Teaching Philosophy

When I was 18 and thinking about my future, I was dead set on becoming a movie star. When that didn’t pan out, I was convinced that I would make my fortune as a high-powered advertising executive like you see in the movies. That plan went only slightly better. After several grueling years in business, I was given the opportunity to teach a class at a local community college, and I never looked back.

While I didn’t end up in a Madison Avenue corner office, the decade I spent as an entrepreneur and communication professional taught me a great deal about good leadership, effective communication, and perhaps most importantly, about things like kindness, empathy, generosity, and service. These are the core values that drive my pedagogy.

I grew up in a family of educators and leaders. As a child I listened from the back of the conference hall as my father spoke about building relationships in school communities. I finished countless coloring books in the corner while my mother conducted teacher training seminars or evening meetings with any number of school committees. I dutifully brought my sister snacks while she wrote her dissertation on early childhood education, and I cheered from the sidelines as my other sister coached her team to a national championship. I continue to beam with pride as my big brother travels the country sharing his expertise as an Apple Distinguished Educator and scholar. These are the models I look to for inspiration.

As a teacher-leader, I believe that I have a responsibility to develop and communicate a compelling vision for the class and the perils of change that I’m asking my students to go through. Whether it’s learning the syntax of HTML or challenging assumptions about representation in popular culture, individual growth can be taxing.
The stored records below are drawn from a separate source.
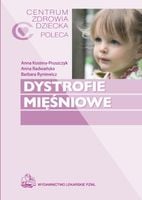 DYSTROFIE MIĘŚNIOWE ANNA KOSTERA-PRUSZCZYK, ANNA RADWAŃSKA, BARBARA R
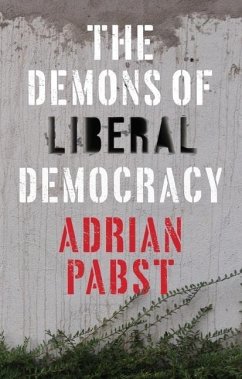 The Demons of Liberal Democracy - Pabst, Adrian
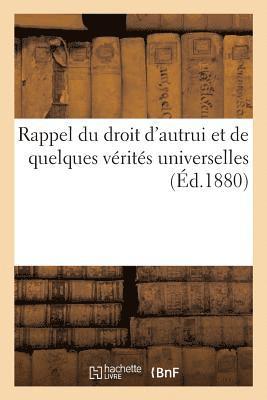 bokomslag Rappel Du Droit d'Autrui Et de Quelques Vérités Universelles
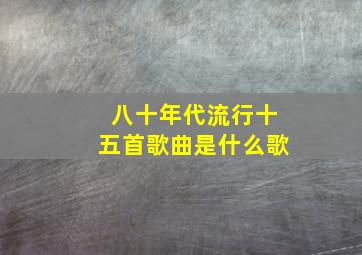 八十年代流行十五首歌曲是什么歌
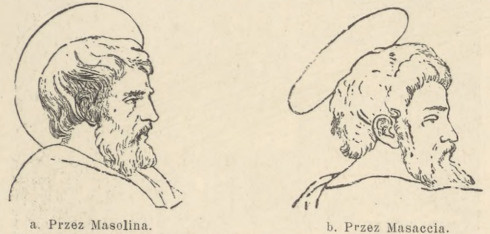 Fig. 120. Głowy z obrazów ściennych w kaplicy Brancaccich, w Carmine we Florencyi.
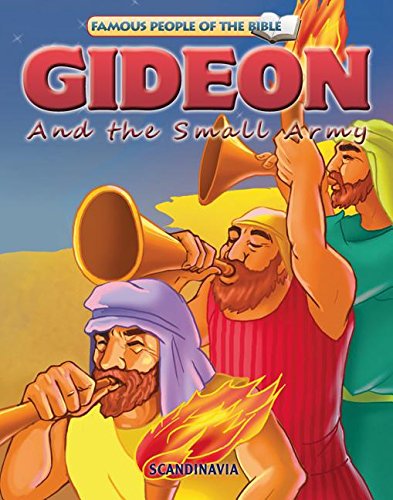 Gideon and the Small Army (Famous People of the Bible)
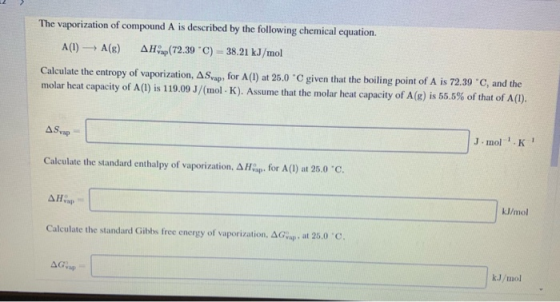 The vaporization of compound A is described by the following chemical equation. A(1) A(8) A rap(72.39 °C) = 38.21 kJ/mol Calc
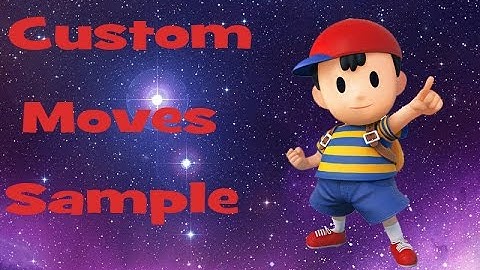 Ness Custom Moves Sample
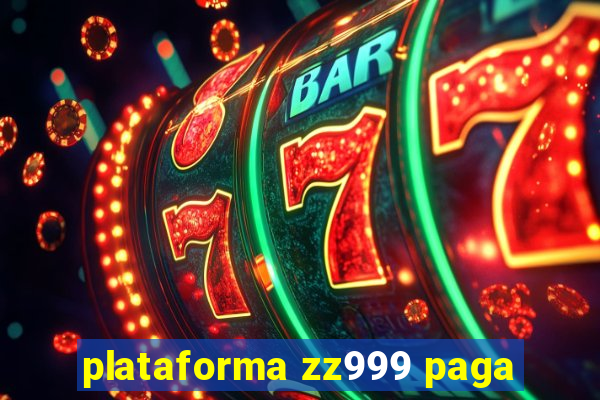 plataforma zz999 paga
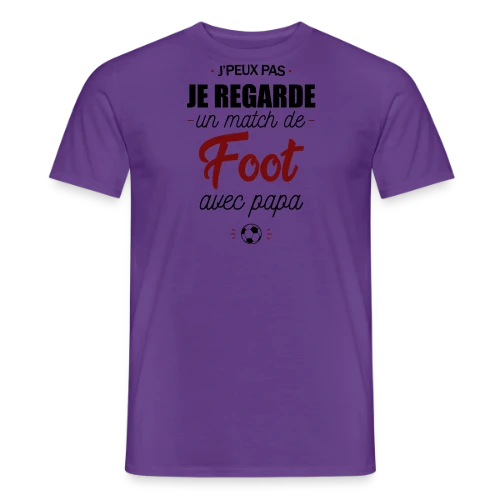 J'peux pas, j'ai match de foot avec Papa ! - T-shirt homme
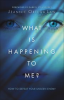 Book cover for "What Is Happening to Me?".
Students need a reason to work hard and explore the materials, and I believe a teacher-leader plays a critical role in creating and maintaining that expectation every day.
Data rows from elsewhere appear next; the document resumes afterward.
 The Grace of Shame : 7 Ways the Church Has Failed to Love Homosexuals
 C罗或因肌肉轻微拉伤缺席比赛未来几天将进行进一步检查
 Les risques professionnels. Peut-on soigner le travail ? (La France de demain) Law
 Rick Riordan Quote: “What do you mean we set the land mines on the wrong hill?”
Change is difficult and college can be an overwhelming, lonely, and stressful experience for students. With that in mind, I am committed to developing supportive, generative, and constructive learning environments. I believe (and the literature suggests) that better learning takes place when students are in positive affective emotional states. Further when students trust and believe in the teacher-leader’s promise for the future, they can allow themselves to focus on the course content rather than struggling to figure out issues of politics and power. I am also deeply committed to building relationships with students so that I can understand their individual needs. I am an advocate for the students.

Finally, I have seen that energy, enthusiasm, and joy are contagious. Curiosity and play are critical to communication pedagogy, and I work every day to model an approach to learning (and life) that is both rigorous and enjoyable. I love working with students as we explore new ideas, challenge existing ones, and dream of all the ways we can make a positive impact in the world around us.